As a US citizen and current UK resident as of 2016 how does the UK tax (if at all) an end-of-year bonus received for work completed with a US employer in 2016 prior to moving to the UK? Length of time working for the US employer was approximately the first 3 weeks of January 2016. UK employer is not related to the former US employer.

Thanks!


----------



## iota2014 (Jul 30, 2015)

Have a look at Article 14 in the double taxation treaty.

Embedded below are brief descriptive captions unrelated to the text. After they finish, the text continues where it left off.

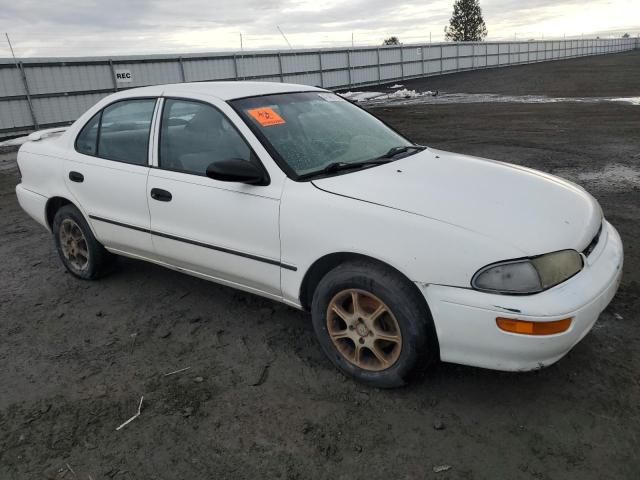 1996 GEO Prizm Base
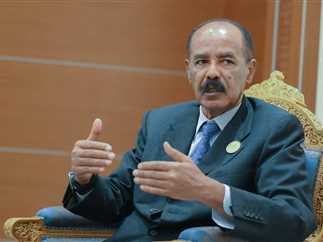 الرئيس الأريتري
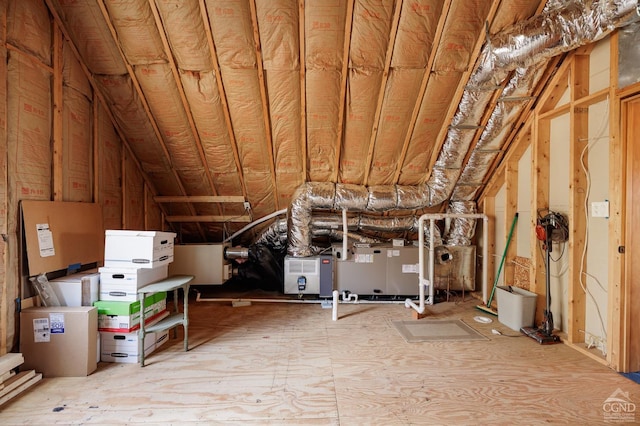 53 Snyder Pond Rd, Copake, NY 12516 - view of attic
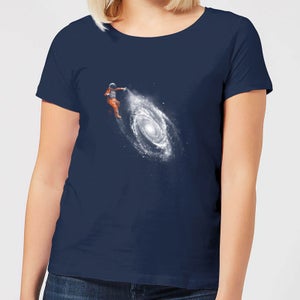 Florent Bodart Space Art Women's T-Shirt - Navy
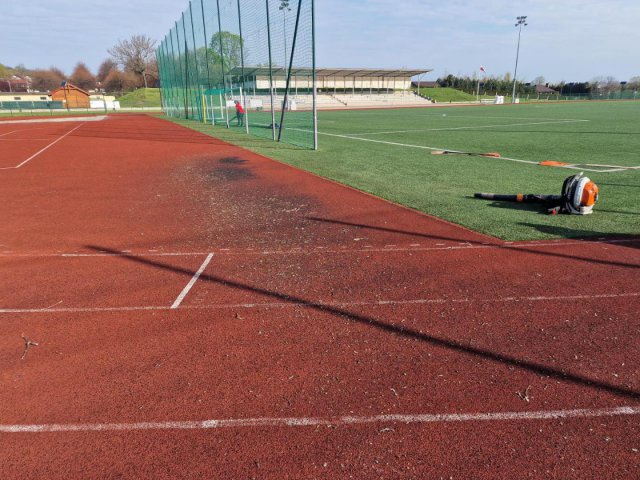 Strzegomski stadion gotowy do sezonu [Foto]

https://www.gov.uk/government/publications/usa-tax-treaties


----------



## Bevdeforges (Nov 16, 2007)

First of all, the UK tax year runs from April to April (April 6 to April 5th, IIRC). So you may well have the argument that this bonus relates to your US employment and is just "delayed" payment of that salary. (Though I don't know how the UK tracks those things. Whether they go by "cash basis" - i.e. when you receive the money - or accrual basis - i.e. when you "earned" it.)

Let's see if we can flag down someone more familiar with the UK system.
Cheers,
Bev


----------



## Dunedin (Aug 12, 2013)

The starting point is to apply the UK rules on residence, under the Statutory Residence Test.
In the tax year 2016/17, it is likely that the split year treatment will apply. The payment relates to the non resident part of the split year. It is therefore not taxable in the UK. The residence status at the time of the payment is not relevant.


----------